# bar spacing question???



## ratgoddess

hey everyone!!!!
i am just wondering about the bar spacing of a cage i plan on purchasing. it is 2.5cm between the bars or 1 inch!!! i realise this is too big for babies but is it too big for older rats? ???
thanks!!!


----------



## js6stone

My girls are half grown and have bars with 1 inch spacing. I've seen them stick their heads through so I know they can get out. But they haven't. One night I set a plate outside of their cage with 6 little pieces of chicken lined up. I figured I'd find out if maybe they were coming out but going back in. The chicken wasn't touched.


----------



## Stace87

For most fully grown females 1 inch bar spacing will be too large. You may still have problems with any particularly small males.
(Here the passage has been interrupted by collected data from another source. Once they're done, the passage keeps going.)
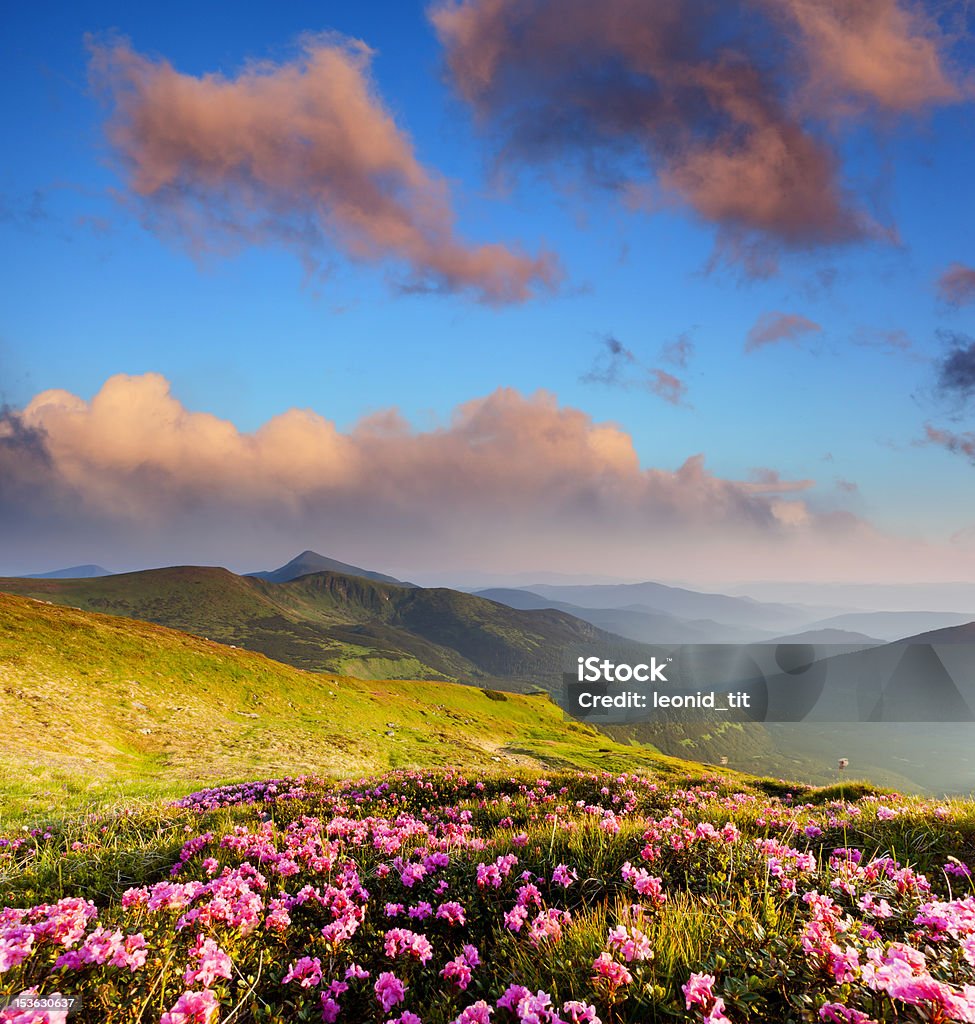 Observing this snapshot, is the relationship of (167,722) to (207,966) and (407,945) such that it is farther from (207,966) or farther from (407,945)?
(407,945)

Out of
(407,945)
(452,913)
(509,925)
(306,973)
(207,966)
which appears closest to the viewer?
(207,966)

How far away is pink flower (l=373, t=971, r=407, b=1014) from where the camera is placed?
3340mm

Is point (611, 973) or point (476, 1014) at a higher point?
point (611, 973)

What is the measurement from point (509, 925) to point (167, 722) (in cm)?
3621

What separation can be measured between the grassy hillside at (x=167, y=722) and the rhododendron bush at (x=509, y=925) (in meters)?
13.6

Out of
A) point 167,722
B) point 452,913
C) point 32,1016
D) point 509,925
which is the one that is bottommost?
point 167,722

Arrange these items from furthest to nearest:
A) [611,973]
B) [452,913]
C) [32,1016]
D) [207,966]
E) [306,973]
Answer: [452,913]
[306,973]
[207,966]
[611,973]
[32,1016]

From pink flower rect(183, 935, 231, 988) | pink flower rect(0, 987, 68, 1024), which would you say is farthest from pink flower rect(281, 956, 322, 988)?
pink flower rect(0, 987, 68, 1024)

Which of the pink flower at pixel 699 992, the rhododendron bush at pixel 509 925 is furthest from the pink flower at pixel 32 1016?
the pink flower at pixel 699 992

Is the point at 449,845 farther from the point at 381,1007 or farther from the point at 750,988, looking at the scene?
the point at 750,988

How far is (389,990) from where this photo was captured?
3.44 meters

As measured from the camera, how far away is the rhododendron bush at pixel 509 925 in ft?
9.63

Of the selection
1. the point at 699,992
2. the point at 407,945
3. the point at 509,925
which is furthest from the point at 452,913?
the point at 699,992

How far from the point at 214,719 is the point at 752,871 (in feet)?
127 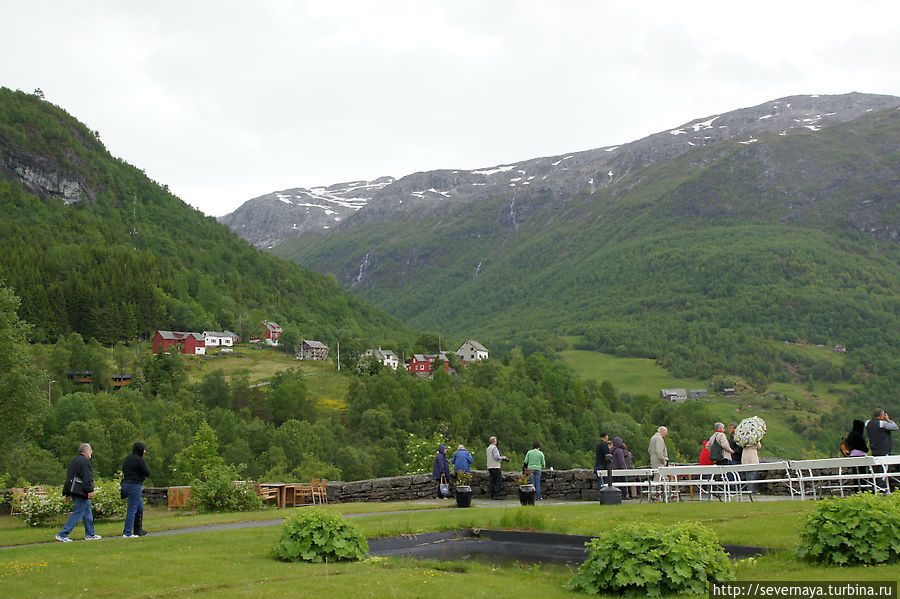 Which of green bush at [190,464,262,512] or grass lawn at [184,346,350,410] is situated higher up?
grass lawn at [184,346,350,410]

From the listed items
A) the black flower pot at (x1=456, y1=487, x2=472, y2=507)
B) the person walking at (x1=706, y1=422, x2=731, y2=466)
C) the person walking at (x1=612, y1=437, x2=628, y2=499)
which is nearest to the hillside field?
the person walking at (x1=612, y1=437, x2=628, y2=499)

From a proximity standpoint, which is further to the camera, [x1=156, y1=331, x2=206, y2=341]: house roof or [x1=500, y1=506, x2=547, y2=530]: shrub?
[x1=156, y1=331, x2=206, y2=341]: house roof

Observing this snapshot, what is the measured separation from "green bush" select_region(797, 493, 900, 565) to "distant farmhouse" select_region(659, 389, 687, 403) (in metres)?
147

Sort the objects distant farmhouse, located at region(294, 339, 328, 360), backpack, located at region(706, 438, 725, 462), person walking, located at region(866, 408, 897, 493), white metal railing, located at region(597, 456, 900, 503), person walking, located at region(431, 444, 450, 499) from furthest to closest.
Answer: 1. distant farmhouse, located at region(294, 339, 328, 360)
2. person walking, located at region(431, 444, 450, 499)
3. backpack, located at region(706, 438, 725, 462)
4. person walking, located at region(866, 408, 897, 493)
5. white metal railing, located at region(597, 456, 900, 503)

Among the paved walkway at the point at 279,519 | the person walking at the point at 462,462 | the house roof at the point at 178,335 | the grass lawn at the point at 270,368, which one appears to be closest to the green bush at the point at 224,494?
the paved walkway at the point at 279,519

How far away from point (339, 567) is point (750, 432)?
1237 centimetres

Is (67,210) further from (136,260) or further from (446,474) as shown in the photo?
(446,474)

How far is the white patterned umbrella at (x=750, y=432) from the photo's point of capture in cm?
1894

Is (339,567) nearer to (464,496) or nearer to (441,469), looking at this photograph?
(464,496)

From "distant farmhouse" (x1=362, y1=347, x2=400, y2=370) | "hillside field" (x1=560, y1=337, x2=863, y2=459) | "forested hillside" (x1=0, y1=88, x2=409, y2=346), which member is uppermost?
"forested hillside" (x1=0, y1=88, x2=409, y2=346)

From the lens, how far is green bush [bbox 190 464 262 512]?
21.6 m

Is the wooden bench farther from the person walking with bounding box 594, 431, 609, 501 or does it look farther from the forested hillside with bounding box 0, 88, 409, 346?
the forested hillside with bounding box 0, 88, 409, 346

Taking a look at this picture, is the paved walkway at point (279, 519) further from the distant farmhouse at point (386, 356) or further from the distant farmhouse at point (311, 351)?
the distant farmhouse at point (311, 351)

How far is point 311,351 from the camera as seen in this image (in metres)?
151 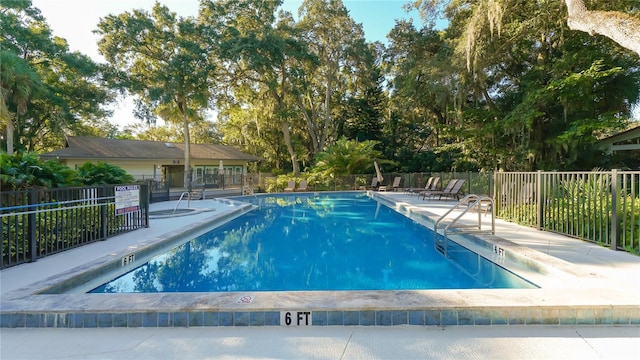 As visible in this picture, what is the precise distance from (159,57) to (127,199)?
16.1m

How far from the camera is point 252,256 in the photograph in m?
6.31

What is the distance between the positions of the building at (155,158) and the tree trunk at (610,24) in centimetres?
1830

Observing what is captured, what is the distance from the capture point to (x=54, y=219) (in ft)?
17.4

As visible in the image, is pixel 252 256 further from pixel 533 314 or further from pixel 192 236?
pixel 533 314

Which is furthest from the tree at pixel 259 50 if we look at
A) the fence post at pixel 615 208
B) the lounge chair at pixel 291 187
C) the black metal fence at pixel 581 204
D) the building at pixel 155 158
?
the fence post at pixel 615 208

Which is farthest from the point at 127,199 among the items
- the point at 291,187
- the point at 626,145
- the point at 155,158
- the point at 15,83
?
the point at 626,145

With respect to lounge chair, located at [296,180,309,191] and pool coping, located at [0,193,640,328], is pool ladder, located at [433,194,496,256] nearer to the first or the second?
pool coping, located at [0,193,640,328]

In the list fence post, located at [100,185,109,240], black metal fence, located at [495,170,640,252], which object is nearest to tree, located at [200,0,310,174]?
fence post, located at [100,185,109,240]

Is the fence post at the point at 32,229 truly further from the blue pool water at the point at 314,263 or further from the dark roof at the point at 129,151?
the dark roof at the point at 129,151

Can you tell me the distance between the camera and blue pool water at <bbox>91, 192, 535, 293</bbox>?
454 cm

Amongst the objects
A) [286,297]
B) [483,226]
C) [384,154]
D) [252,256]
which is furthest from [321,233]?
[384,154]

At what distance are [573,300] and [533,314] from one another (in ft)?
1.46

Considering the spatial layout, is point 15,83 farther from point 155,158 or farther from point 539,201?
point 539,201

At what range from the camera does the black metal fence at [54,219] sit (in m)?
4.51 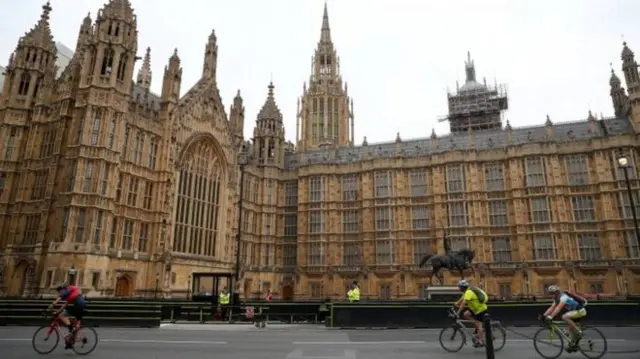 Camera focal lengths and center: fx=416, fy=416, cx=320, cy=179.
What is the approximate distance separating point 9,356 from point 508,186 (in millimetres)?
45572

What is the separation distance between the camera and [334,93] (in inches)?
3187

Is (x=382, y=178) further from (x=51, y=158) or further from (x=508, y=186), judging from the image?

You could always mesh a cage if needed, but I'd get a cage that's suitable for rats of all ages.


----------



## kerma

If the rat's head gets through the bar spacing, the rest of the body will follow. It kinda depends on your rats if they are little bulldozers or not  I think that the biggest usually-rat-proof bar spacing is 2 x 2 cm. I would not go over that. I prefer something around 1-1,5 cm


----------



## rongallnt

Why than is there so many photos on this site will non meshed rats? I was trying so hard to find a critter nation around town. No go, online only. I want to try a critter nation as my two males have outgrown their cage.
So confusing.


----------



## Stace87

rongallnt said:


> Why than is there so many photos on this site will non meshed rats? I was trying so hard to find a critter nation around town. No go, online only. I want to try a critter nation as my two males have outgrown their cage.
> So confusing.


A Critter Nation IS suitable for rats of all ages.... are you thinking of a Ferret Nation? Perhaps you're getting them muddled up? Ferret Nations may need to be meshed as I think they have 1 inch bar spacing.


----------



## this_wallflower

I have a bar spacing question too so I hope you don't mind me barging in.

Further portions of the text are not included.